● Exercise:
Restate word for word all of the lines below, with each image left out.

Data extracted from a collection
=-=-=-=-=

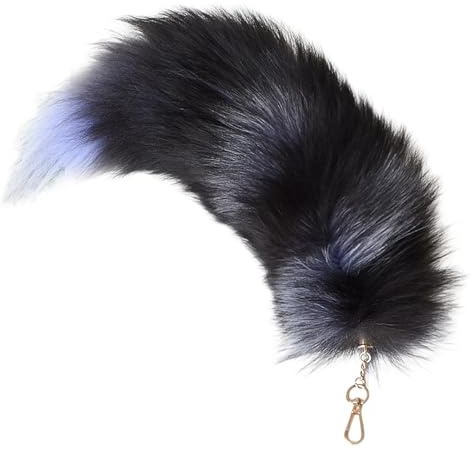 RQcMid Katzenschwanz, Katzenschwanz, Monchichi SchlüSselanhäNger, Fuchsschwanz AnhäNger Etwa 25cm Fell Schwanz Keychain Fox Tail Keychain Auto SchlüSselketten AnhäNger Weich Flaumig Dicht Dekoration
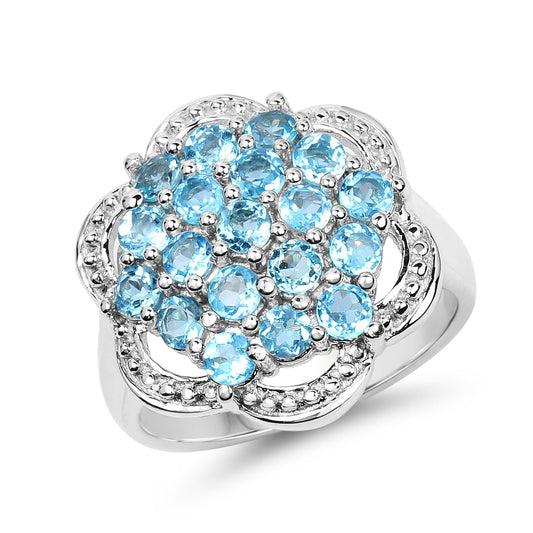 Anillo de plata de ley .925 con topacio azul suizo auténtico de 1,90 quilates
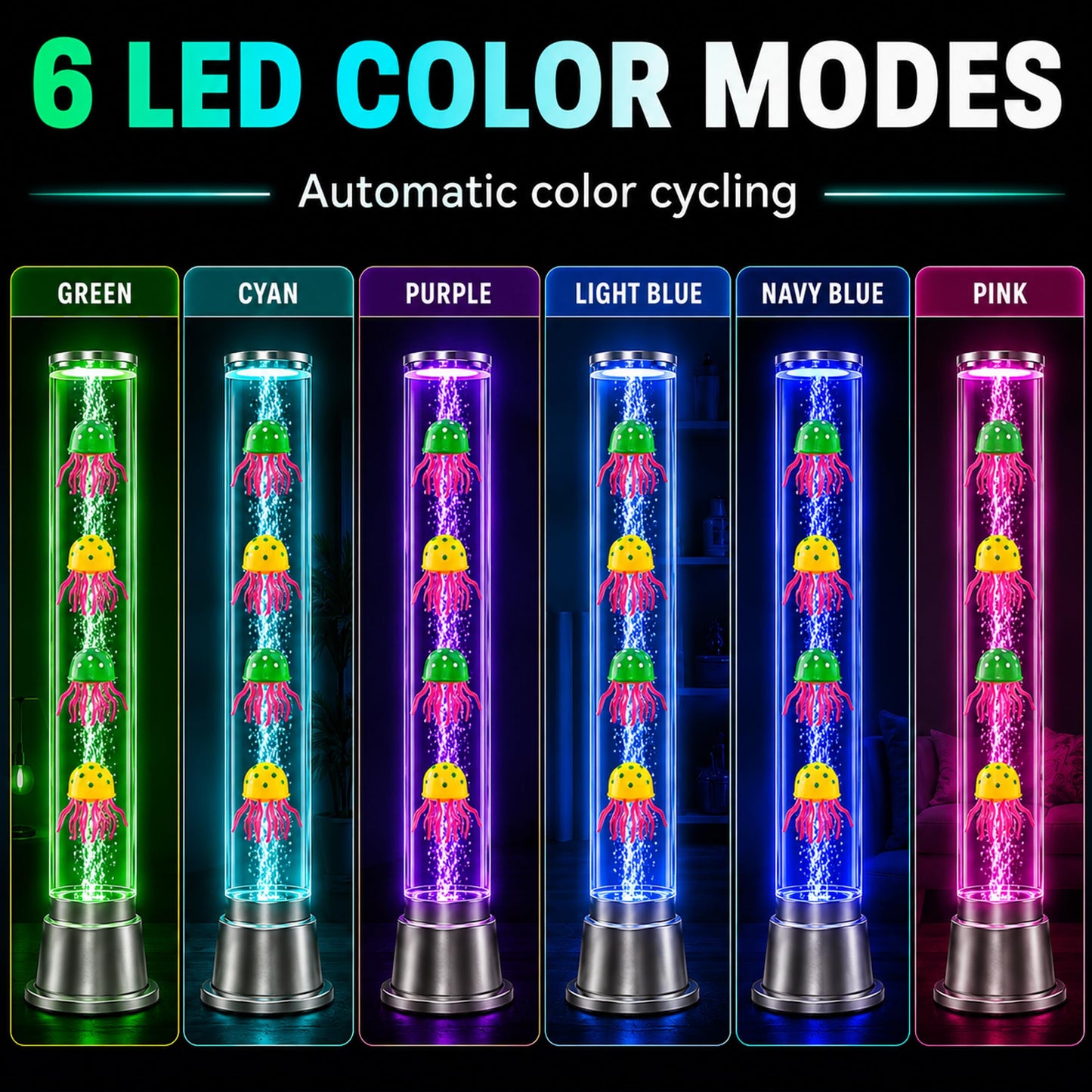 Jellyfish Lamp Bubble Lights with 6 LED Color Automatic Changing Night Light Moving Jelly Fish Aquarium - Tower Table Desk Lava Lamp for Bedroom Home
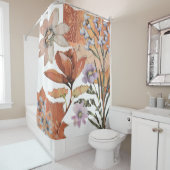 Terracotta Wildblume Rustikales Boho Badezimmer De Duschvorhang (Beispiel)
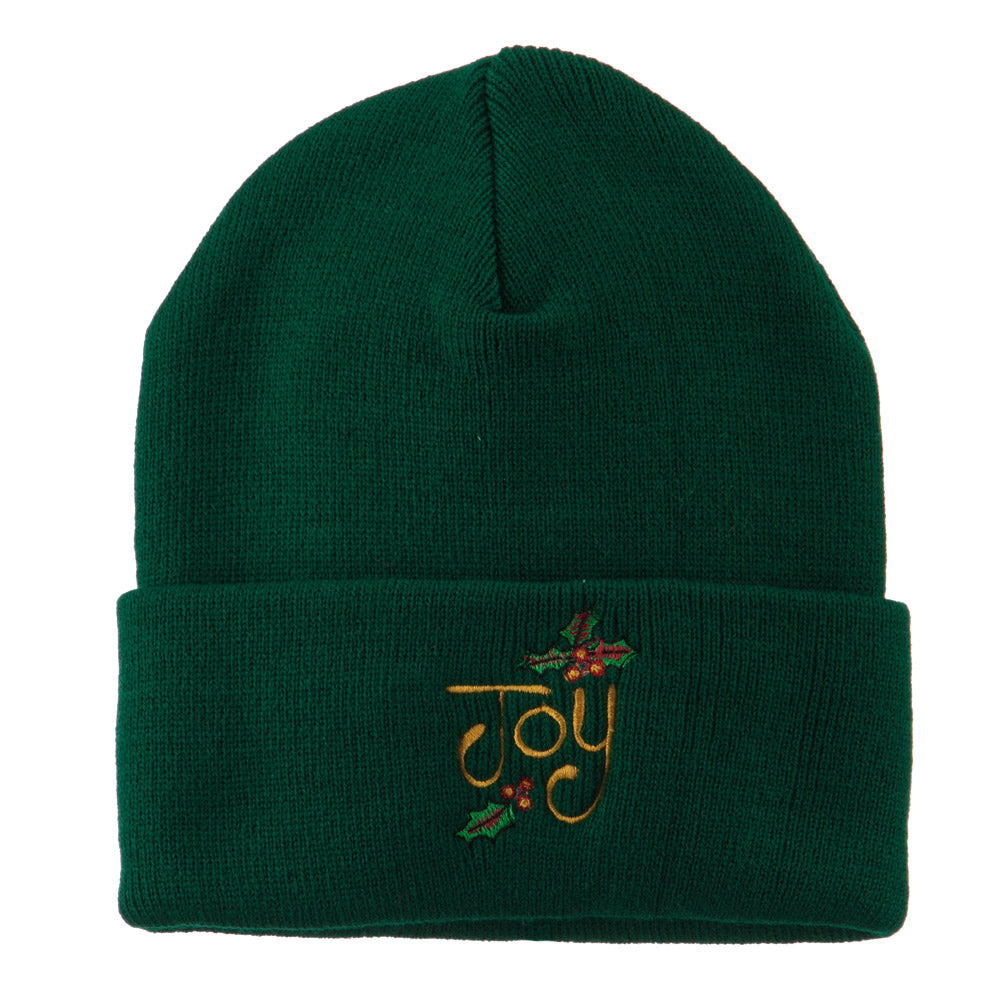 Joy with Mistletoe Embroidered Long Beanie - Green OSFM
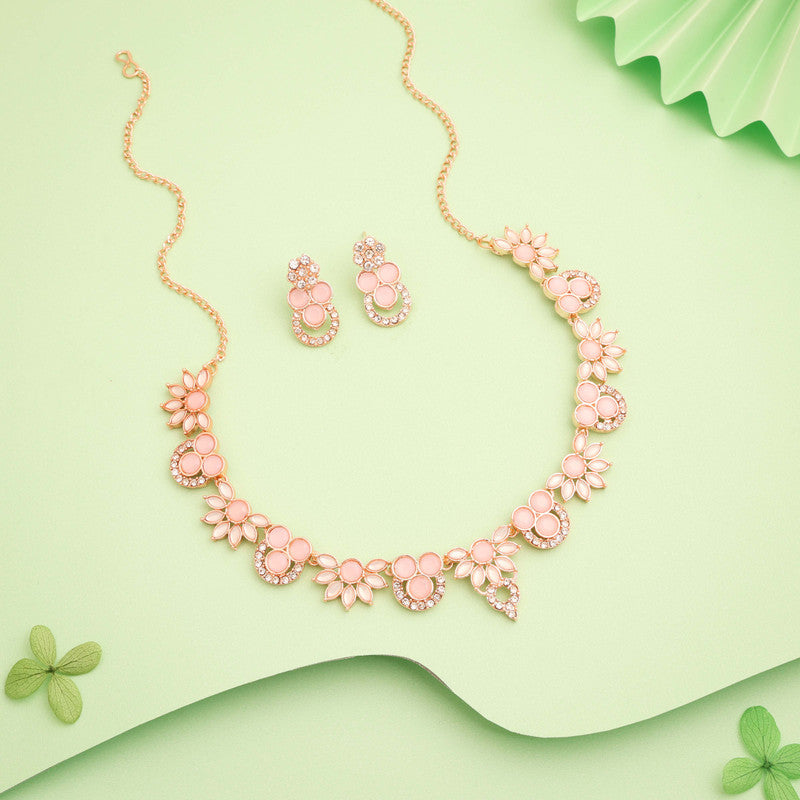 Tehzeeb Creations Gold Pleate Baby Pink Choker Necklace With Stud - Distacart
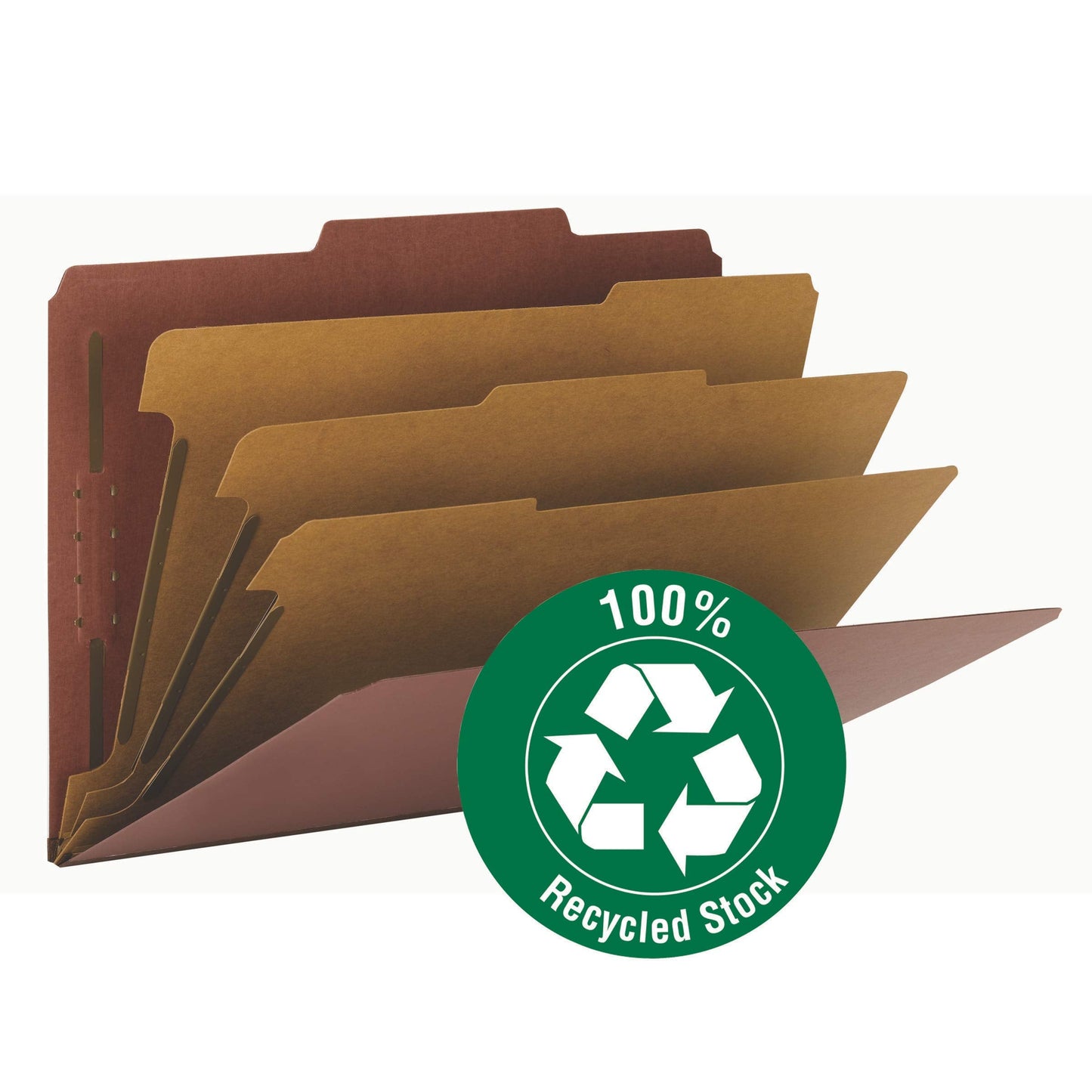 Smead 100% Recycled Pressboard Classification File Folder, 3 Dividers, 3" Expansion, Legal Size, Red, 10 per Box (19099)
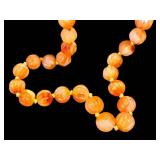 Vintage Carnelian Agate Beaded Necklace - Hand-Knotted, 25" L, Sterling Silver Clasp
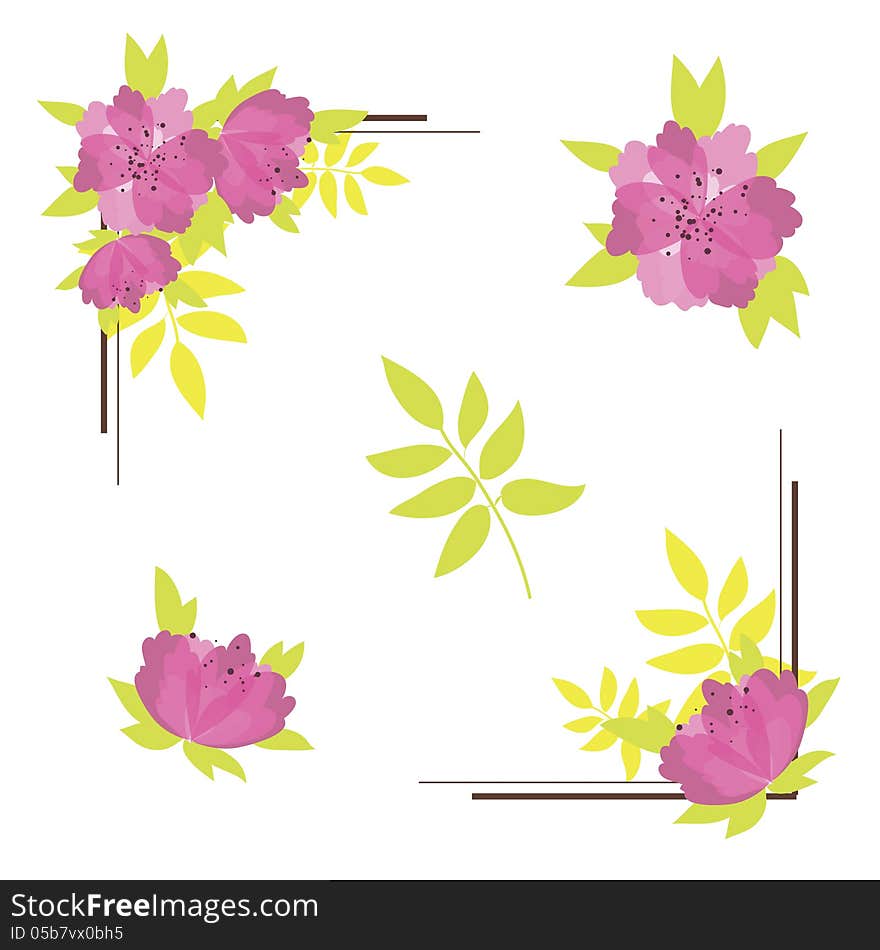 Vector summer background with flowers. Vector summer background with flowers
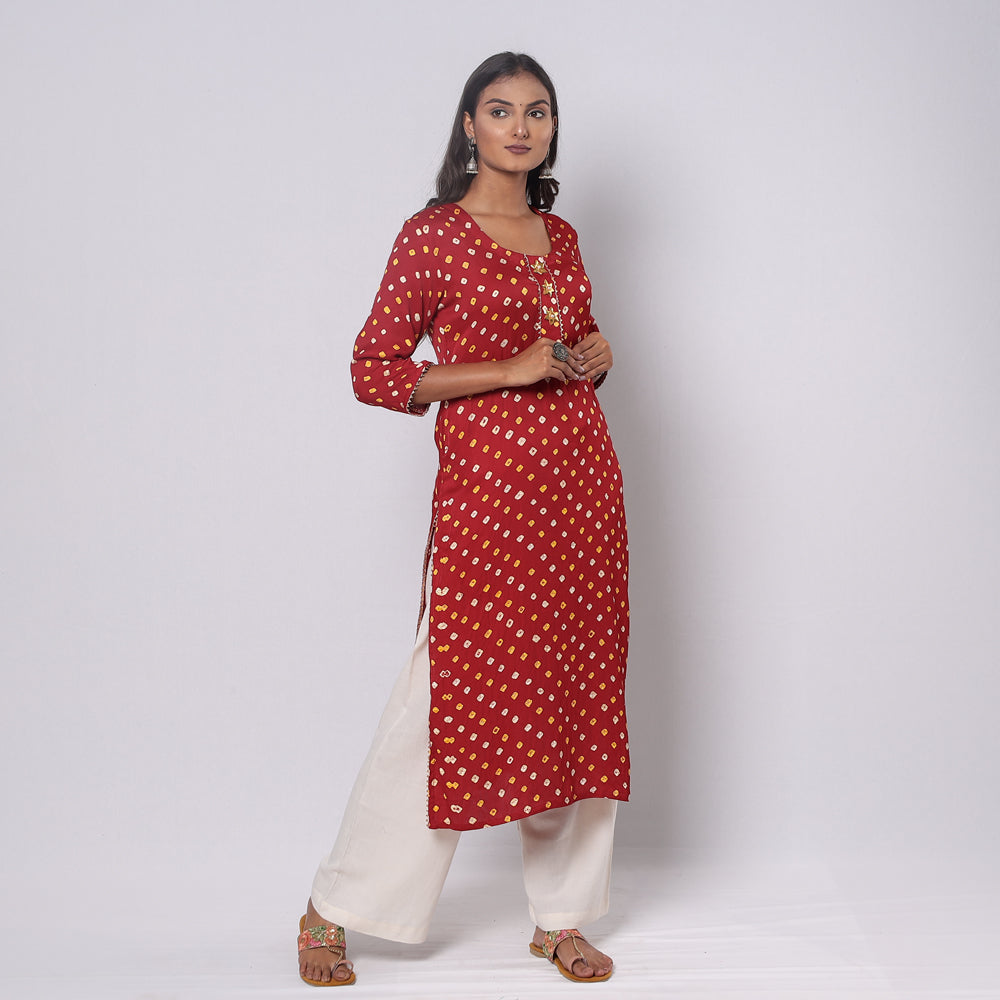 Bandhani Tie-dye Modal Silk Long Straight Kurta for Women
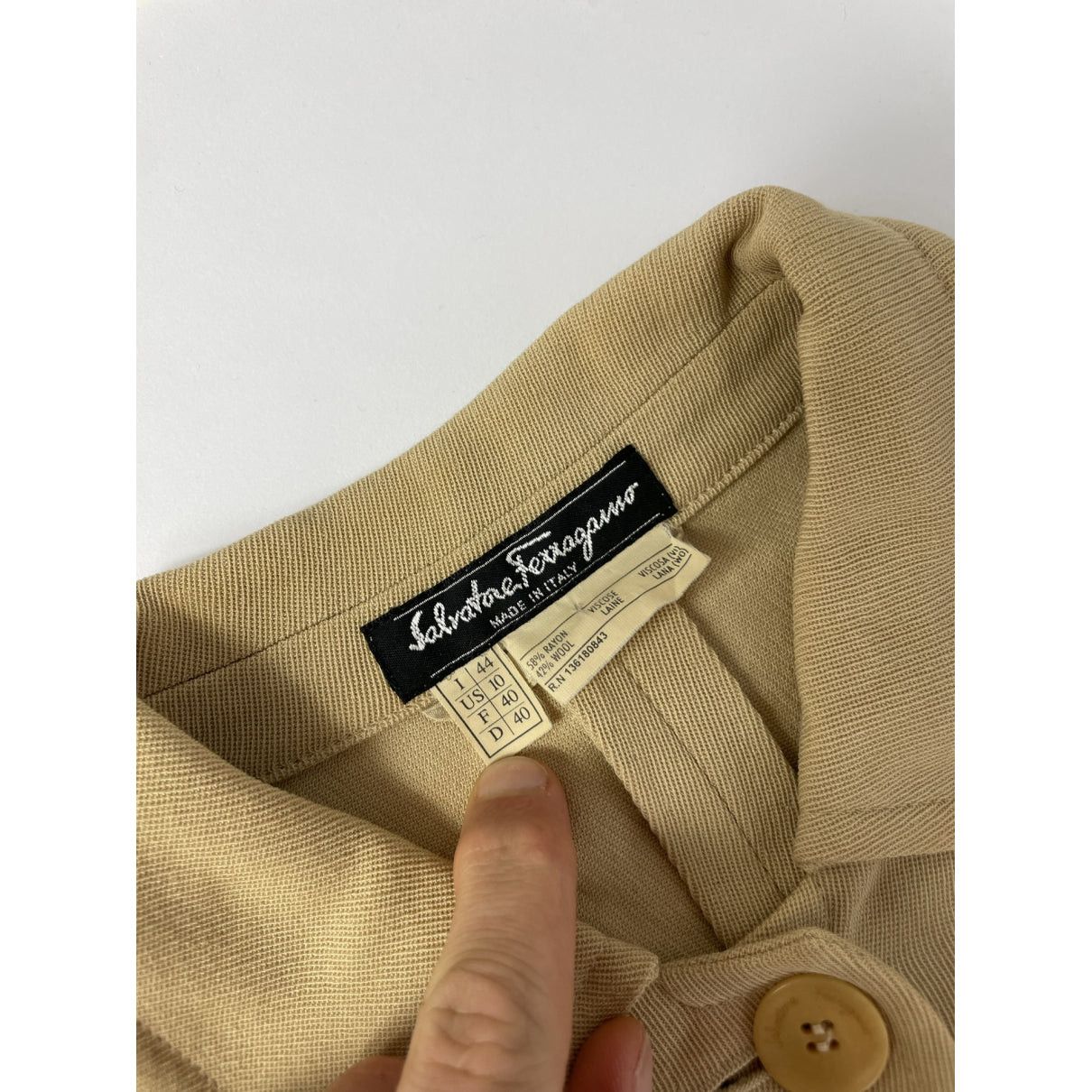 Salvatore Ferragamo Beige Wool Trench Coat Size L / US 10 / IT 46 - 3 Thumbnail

=-=-=-=-=

● Task response:
 RQcMid Katzenschwanz, Katzenschwanz, Monchichi SchlüSselanhäNger, Fuchsschwanz AnhäNger Etwa 25cm Fell Schwanz Keychain Fox Tail Keychain Auto SchlüSselketten AnhäNger Weich Flaumig Dicht Dekoration
 Anillo de plata de ley .925 con topacio azul suizo auténtico de 1,90 quilates
 Jellyfish Lamp Bubble Lights with 6 LED Color Automatic Changing Night Light Moving Jelly Fish Aquarium - Tower Table Desk Lava Lamp for Bedroom Home
 Terracotta Wildblume Rustikales Boho Badezimmer De Duschvorhang (Beispiel)
 Joy with Mistletoe Embroidered Long Beanie - Green OSFM
 Tehzeeb Creations Gold Pleate Baby Pink Choker Necklace With Stud - Distacart
 Smead 100% Recycled Pressboard Classification File Folder, 3 Dividers, 3" Expansion, Legal Size, Red, 10 per Box (19099)
 Vintage Carnelian Agate Beaded Necklace - Hand-Knotted, 25" L, Sterling Silver Clasp
 Vector summer background with flowers. Vector summer background with flowers
 Bandhani Tie-dye Modal Silk Long Straight Kurta for Women
 Salvatore Ferragamo Beige Wool Trench Coat Size L / US 10 / IT 46 - 3 Thumbnail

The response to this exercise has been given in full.